Papers

Train Faster, Generalize Better: Stability of Stochastic Gradient Descent (Hardt 2016)

Nut graf: fast training prevents overfitting, and a mathematical way to state this.

Background

Recall a $\textbf{defintion}$ : Let $\mathcal{D}$ be the training data, and assume both $\mathcal{D}$ and the test data are generated by draws from the same distribution $X$ . Let $e(w; x)$ be the error incurred by a model parametrized by $s$ on a set of samples $x$ , where each sample is drawn from $X$ . The $\textbf{generalization error}$ is defined as

$\E[e(w; x)]- e(w; \mathcal{D}), \quad x \sim X, \quad x \notin \mathcal{D}.$

The former term is the population risk and the latter term is the empirical risk. If the weights $w=A(S)$ , $S$ a sample, $A$ a randomized function, then the expected generalization error is defined as the expectation of the generalization error, taken over the randomness in $S$ and $A$ . And if two samples $S$ and $S'$ differ in at most one example, then $A$ is $\epsilon$ - $\textbf{uniformly stable}$ if

$\sup_{z}\E_{A}[f(A(S); z) - f(A(S'); z)] \leq \epsilon,$

where $f$ the loss function evaluated at $z$ . Key idea: such an algorithm has generalization error bounded by $\epsilon$ .

Results

The key results are stability bounds for the application of SGD to $\beta$ -smooth, $L$ -Lipschitz, convex functions and certain classes of nonconvex functions. The results for the former require each step size to be bounded by $\approx 1/\beta$ . The results for the latter require that the function lie in $[0, 1]$ , is L-Lipschitz, and $\beta$ -smooth, and that the sequence of step sizes is inversely related to the step number.

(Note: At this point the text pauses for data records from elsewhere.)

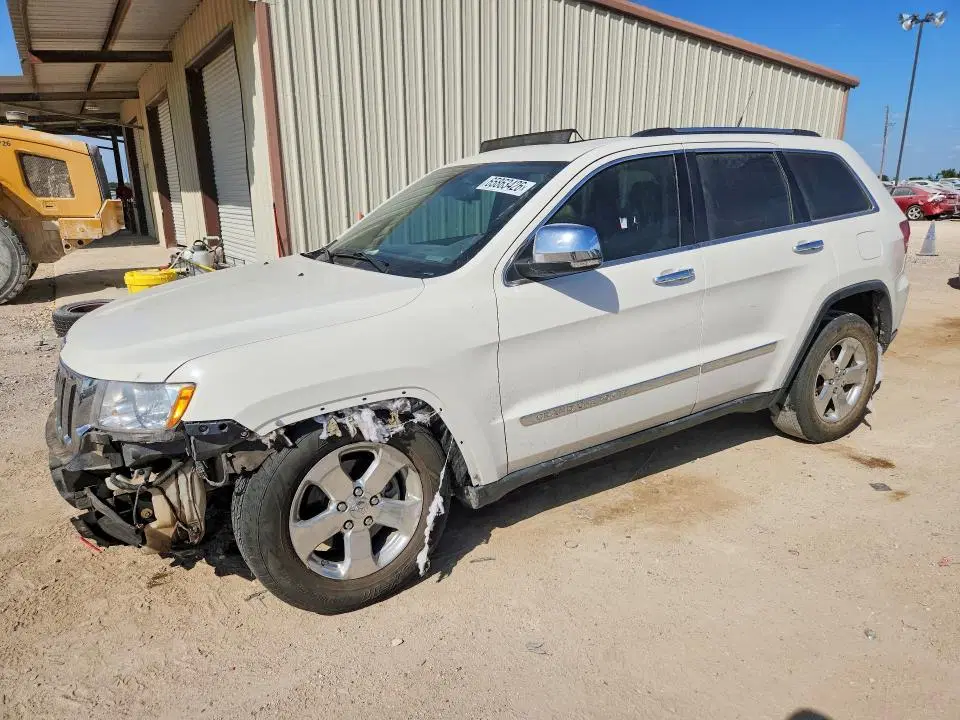 1J4RR5GG7BC515991 — 2011 Jeep Grand Cherokee, Передняя часть (Front End), фото до ремонта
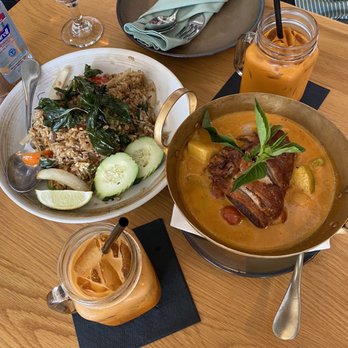 Fern Thai on Main - Basil fried rice, roast duck curry, thai iced coffee, thai tea - Thai Near Me - Bellevue, Washington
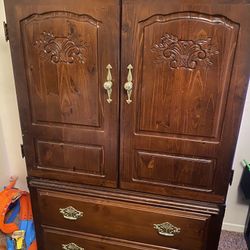 Dresser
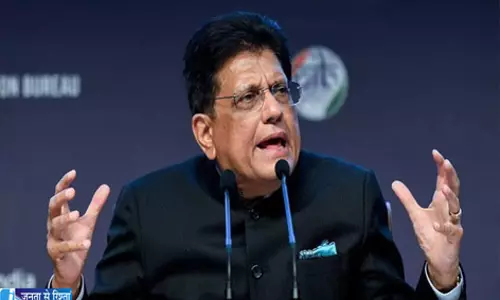 भारत की GDP पर छिड़ी बहस पीयूष गोयल ने आलोचकों को दिया करारा जवाब भारत की GDP पर छिड़ी बहस पीयूष गोयल ने आलोचकों को दिया करारा जवाब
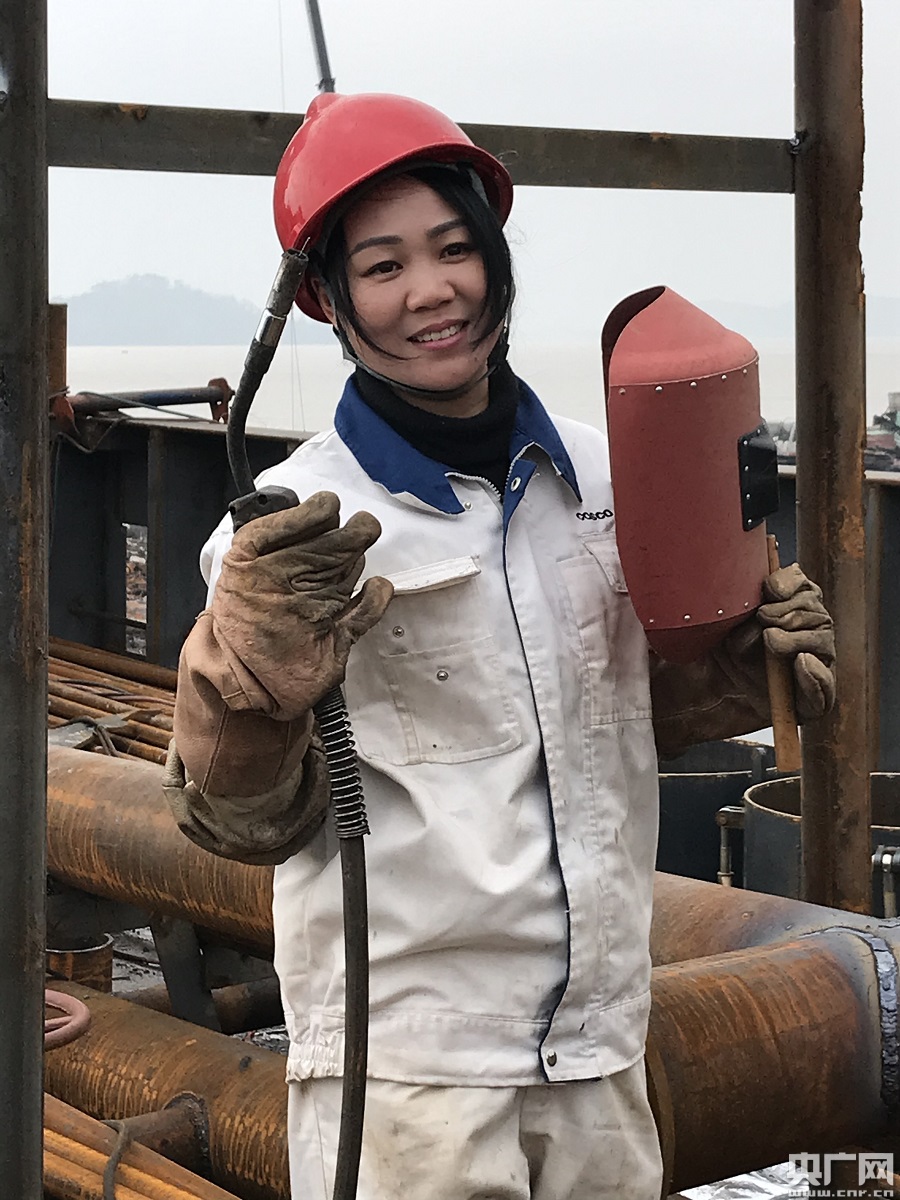 央广网国内 地方新闻 她就是宁波市奉化区海港船舶修造厂的电焊工魏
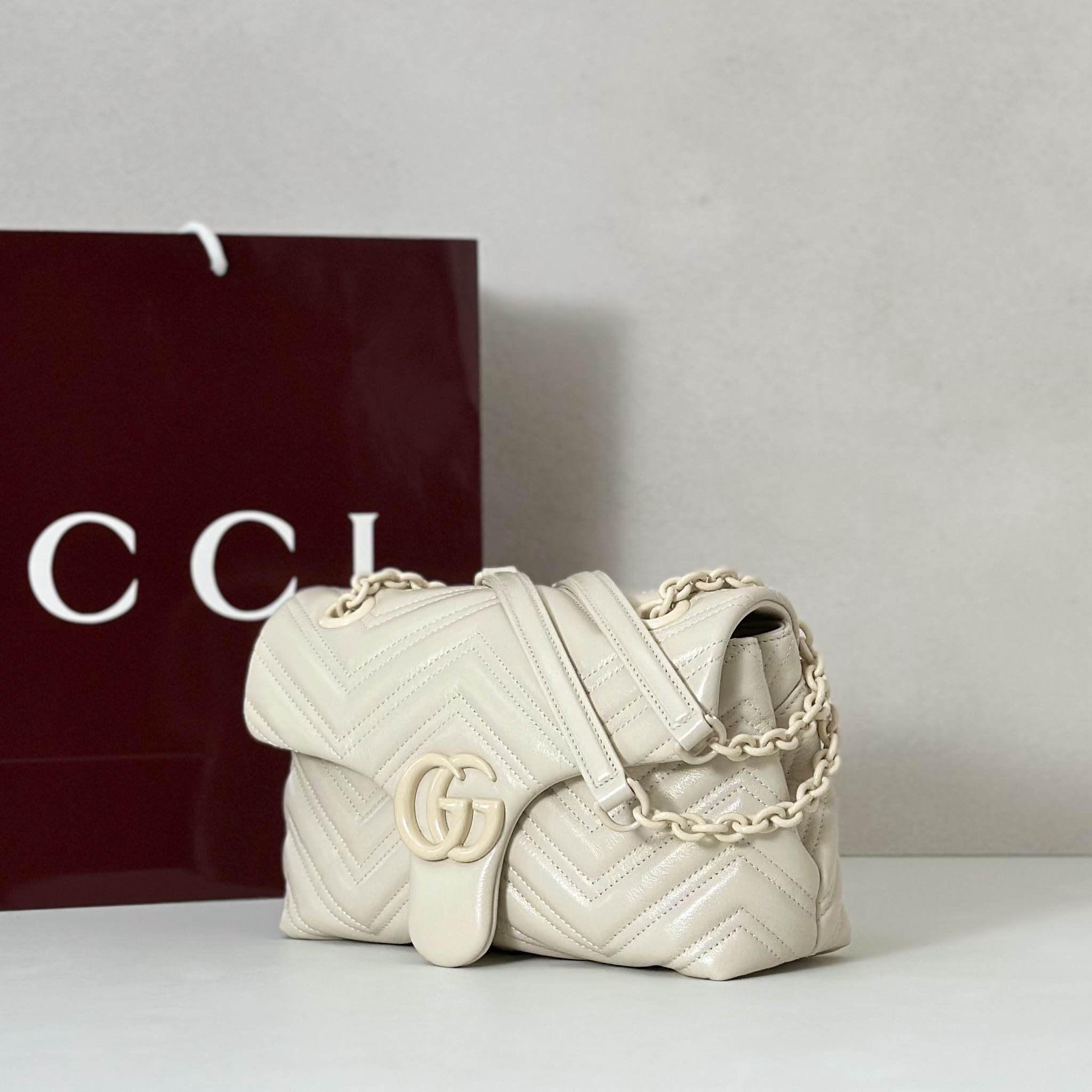 GG Marmont small shoulder bag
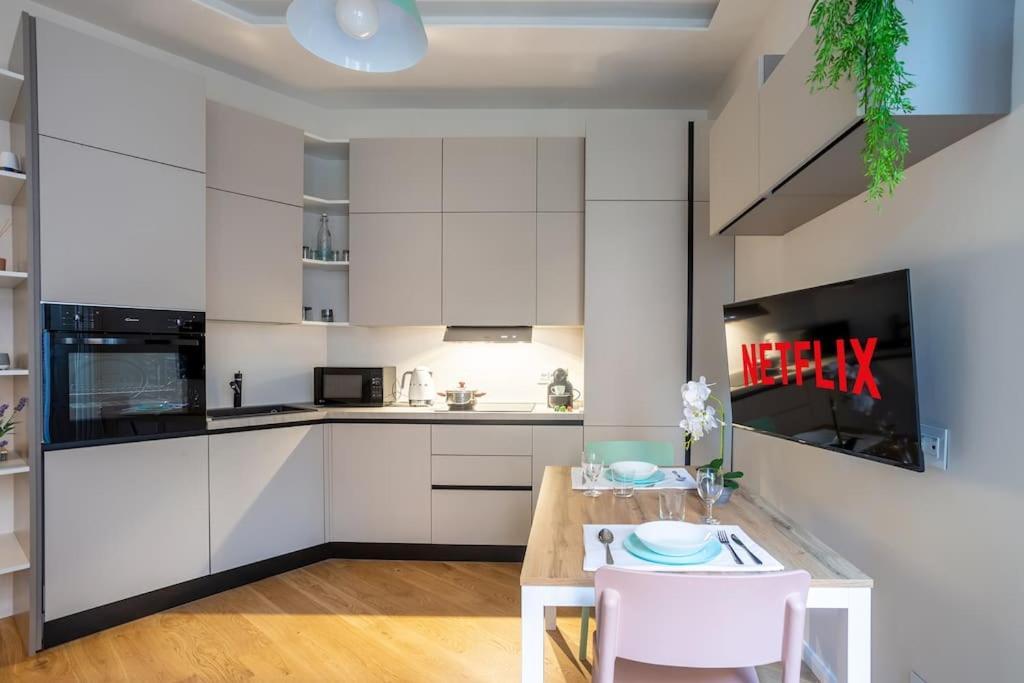 ميلان Duomo-Fiera Mi Master Suite Design Wifi+Netflix المظهر الخارجي الصورة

The upshots are cool: regularization, gradient clipping, dropout, proximal steps, and model averaging all improve the authors’ bounds.

Commentary

Are machine learning loss functions often Lipschitz and smooth? Is this too stringent of an assumption?
Again, are the assumptions made for the nonconvex case reasonable?
It’s cool that the bounds match empirical findings.